Unnamed: 0,user_id,recipe_id,rating,name,vegan
0,38094,40893,4.0,white bean green chile pepper soup,1.0
1,1293707,40893,5.0,white bean green chile pepper soup,1.0
2,8937,44394,4.0,devilicious cookie cake delights,0.0
3,126440,85009,5.0,baked potato toppings,1.0
4,57222,85009,5.0,baked potato toppings,1.0
...,...,...,...,...,...
31362,2002372707,309089,0.0,italian sausage and or meatball subs,0.0
31363,2002372707,189299,0.0,italian sausage bake,0.0
31364,2002372707,95694,0.0,italian sausage bread,0.0
31365,2002372707,222133,0.0,italian sausage broils,0.0


In [11]:
users_recipes_ds['user_id'] = users_recipes_ds.user_id.astype("str")
users_recipes_ds['name'] = users_recipes_ds.name.astype("str")
users_recipes_ds['rating'] = users_recipes_ds.rating.astype(np.float32)
users_recipes_ds['vegan'] = users_recipes_ds.vegan.astype(np.float32)
users_recipes_ds['recipe_id'] = users_recipes_ds.recipe_id.astype("str")

In [12]:
ratings = tf.data.Dataset.from_tensor_slices((tf.cast(users_recipes_ds['user_id'].values.reshape(-1,1), tf.string),    
                                              tf.cast(users_recipes_ds['name'].values.reshape(-1,1), tf.string),
                                              tf.cast(users_recipes_ds['rating'].values.reshape(-1,1),tf.float32),
                                              tf.cast(users_recipes_ds['vegan'].values.reshape(-1,1),tf.float32)))

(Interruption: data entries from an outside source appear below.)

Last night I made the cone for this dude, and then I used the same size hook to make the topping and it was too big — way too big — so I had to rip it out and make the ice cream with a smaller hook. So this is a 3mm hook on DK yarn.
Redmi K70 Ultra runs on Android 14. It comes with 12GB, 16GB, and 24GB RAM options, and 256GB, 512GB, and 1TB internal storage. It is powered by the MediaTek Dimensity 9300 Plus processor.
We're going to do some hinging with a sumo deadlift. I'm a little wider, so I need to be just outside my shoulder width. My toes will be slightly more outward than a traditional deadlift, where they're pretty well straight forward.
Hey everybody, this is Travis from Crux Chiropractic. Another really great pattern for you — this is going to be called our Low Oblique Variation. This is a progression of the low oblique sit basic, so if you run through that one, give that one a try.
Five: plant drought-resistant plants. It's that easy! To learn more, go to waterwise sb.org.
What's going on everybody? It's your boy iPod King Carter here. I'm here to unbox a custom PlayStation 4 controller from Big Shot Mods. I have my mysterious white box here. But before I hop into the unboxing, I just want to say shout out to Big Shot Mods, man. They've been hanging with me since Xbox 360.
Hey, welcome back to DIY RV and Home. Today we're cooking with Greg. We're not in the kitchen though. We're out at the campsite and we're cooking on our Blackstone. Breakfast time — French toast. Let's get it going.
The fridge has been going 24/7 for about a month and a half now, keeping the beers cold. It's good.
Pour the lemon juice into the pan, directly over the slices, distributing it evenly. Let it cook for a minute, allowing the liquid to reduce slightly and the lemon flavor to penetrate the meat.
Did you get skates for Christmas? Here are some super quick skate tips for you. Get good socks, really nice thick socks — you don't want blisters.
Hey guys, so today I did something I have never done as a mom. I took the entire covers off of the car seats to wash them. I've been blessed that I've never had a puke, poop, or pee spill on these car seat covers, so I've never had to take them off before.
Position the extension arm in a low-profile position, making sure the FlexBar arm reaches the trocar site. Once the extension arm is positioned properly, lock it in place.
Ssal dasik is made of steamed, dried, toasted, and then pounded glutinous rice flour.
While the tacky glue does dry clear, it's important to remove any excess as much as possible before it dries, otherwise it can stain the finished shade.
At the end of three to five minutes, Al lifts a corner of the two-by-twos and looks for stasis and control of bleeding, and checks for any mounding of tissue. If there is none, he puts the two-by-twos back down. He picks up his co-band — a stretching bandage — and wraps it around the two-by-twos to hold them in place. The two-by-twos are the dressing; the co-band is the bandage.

ratings = ratings.map(lambda x0,x1,x2,x3: {
    "user_id": x0,
    "name": x1,
    "rating": x2,
    "vegan": x3
})

In [13]:
tf.random.set_seed(42)
shuffled = ratings.shuffle(len(ratings), seed=42, reshuffle_each_iteration=False)

train = shuffled.take(int(len(ratings) * 0.8))
test = shuffled.skip(int(len(ratings) * 0.8)).take(int(len(ratings) * 0.2))

In [14]:
recipe_names = ratings.batch(len(ratings)).map(lambda x: x["name"])
user_ids = ratings.batch(len(ratings)).map(lambda x: x["user_id"])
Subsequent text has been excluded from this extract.